VW firması Doğu Almanya’da büyük üretim tesisleri kurdu. Bunun başta gelen nedeni Demokratik Almanya Cumhuriyeti’nde Trabi marka otomobil üretimi nedeniyle bu üretimde tecrübeli işçilerin bulunmasıydı.

Şimdi fabrikadaki her işçiye karşılık dışarıda otomobille ilgili iş yapan dört kişi bulunuyor.

Otomobil satışı (galeriler), otomobil tamiri, sigorta işleri, teknik muayene kurumları vd.

Fabrikada canlı emek tümüyle kalksa bile –henüz böyle bir durum söz konusu değil ama canlı emeğin payı azalıyor) dışarıda daha fazla canlı emek gerekiyor.

Kapitalizmi sürekli gelişen modern üretici güçler temelinde oluşan büyük eşitsizlik çerçevesinde görmek gerekir.

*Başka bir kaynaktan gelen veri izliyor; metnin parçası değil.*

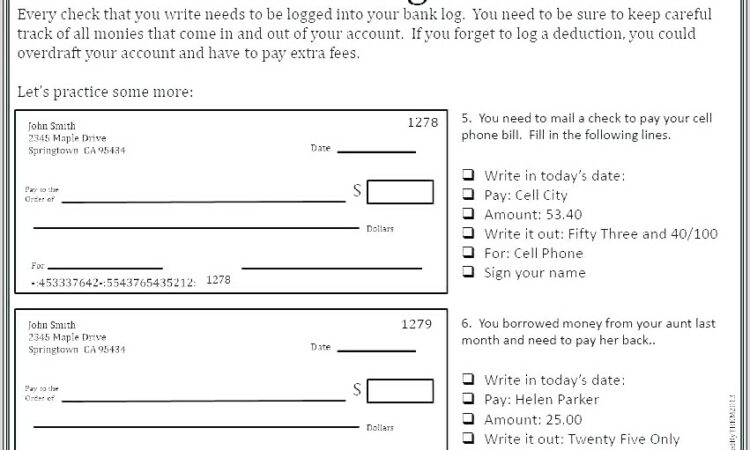 Free Check Writing Activity Worksheets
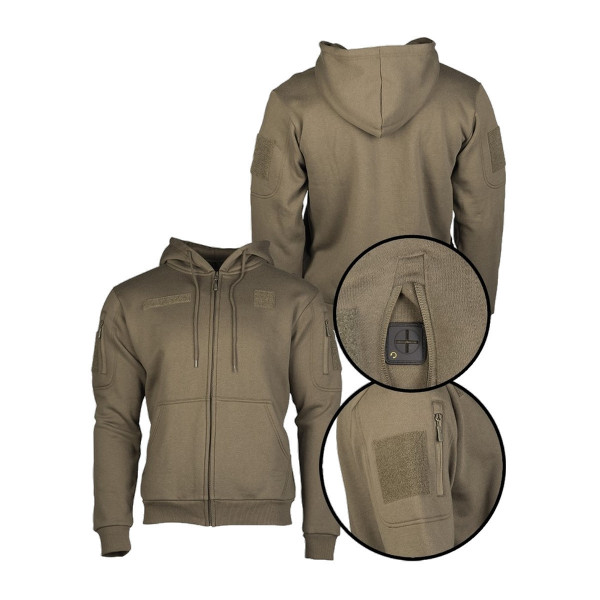 Sweat-shirt vert avec capuche et zip de la marque Miltec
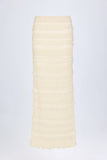 Ruffled Mid Rise Maxi Skirt in Ivory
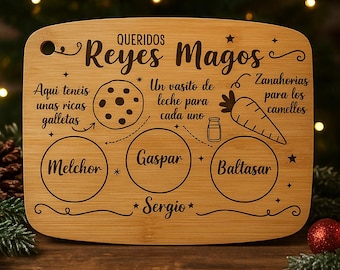 Personalisierte Dreikönigs-Platte – Kekse und Milch | Weihnachtsgeschenk | 3 Größen | Personalisierbar mit Namen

Türkçede de yayınlanan Thomas Piketty’nin 21. Yüzyılda Kapital kitabında bu yönde bir yaklaşım bulunur. Kitapta büyük oranda gelişmiş kapitalist ülkeler incelemiştir ama oralarda bile durum böyledir.

Konu önemli ama üzerinde özel olarak çalışma fırsatım olmadı.